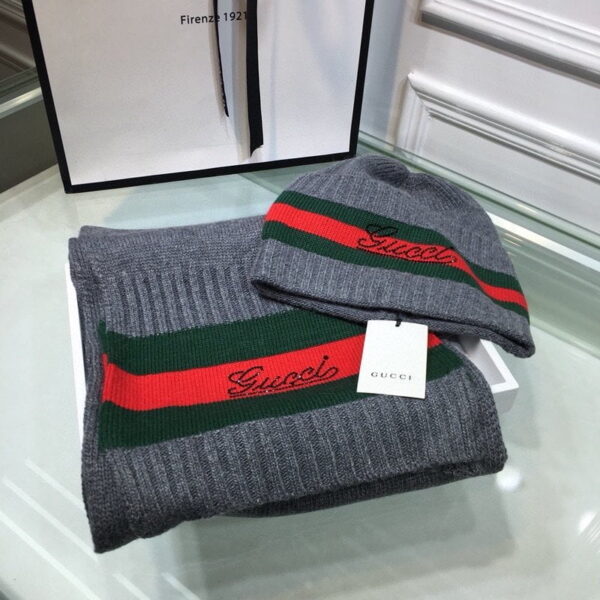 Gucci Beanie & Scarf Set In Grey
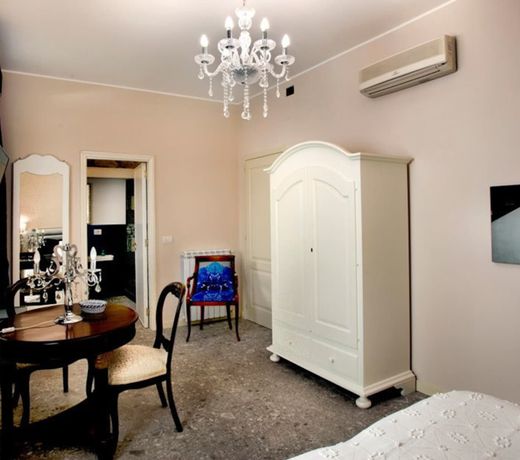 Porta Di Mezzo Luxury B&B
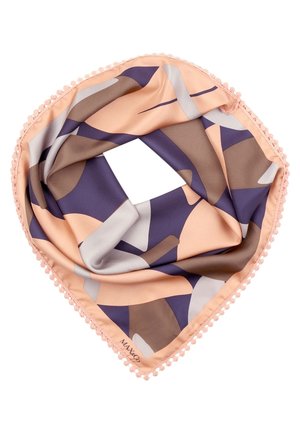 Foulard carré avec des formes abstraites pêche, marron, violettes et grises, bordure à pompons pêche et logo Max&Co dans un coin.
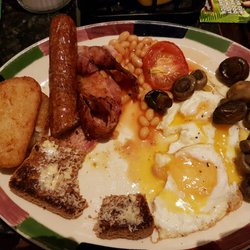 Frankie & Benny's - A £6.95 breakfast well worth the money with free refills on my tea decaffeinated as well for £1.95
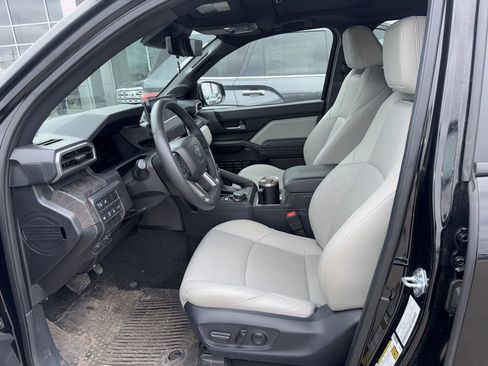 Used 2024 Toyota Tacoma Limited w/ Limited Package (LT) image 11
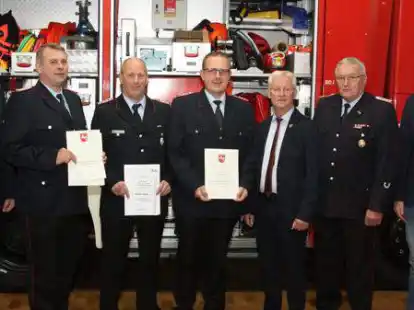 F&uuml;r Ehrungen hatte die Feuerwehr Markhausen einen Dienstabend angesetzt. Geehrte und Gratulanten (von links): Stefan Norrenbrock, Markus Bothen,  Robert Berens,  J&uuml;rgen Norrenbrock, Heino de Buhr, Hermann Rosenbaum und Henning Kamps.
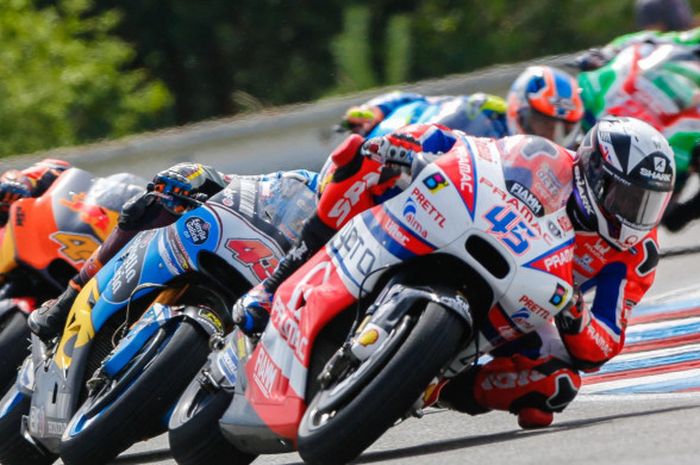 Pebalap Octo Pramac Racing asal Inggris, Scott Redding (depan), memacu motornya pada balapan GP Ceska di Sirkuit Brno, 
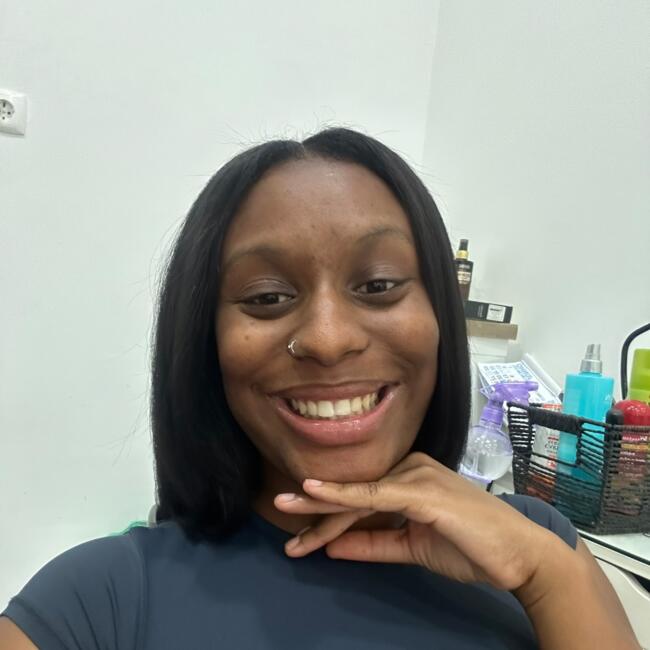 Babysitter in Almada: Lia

******

What you will do |
Above are some records; quote exactly and only the lines that begin at the line containing "Porta Di Mezzo Luxury B&B" and stop after the line containing "Used 2024 Toyota", leaving out the pictures.

Exercise output |
 Porta Di Mezzo Luxury B&B
 Foulard carré avec des formes abstraites pêche, marron, violettes et grises, bordure à pompons pêche et logo Max&Co dans un coin.
 Frankie & Benny's - A £6.95 breakfast well worth the money with free refills on my tea decaffeinated as well for £1.95
 Used 2024 Toyota Tacoma Limited w/ Limited Package (LT) image 11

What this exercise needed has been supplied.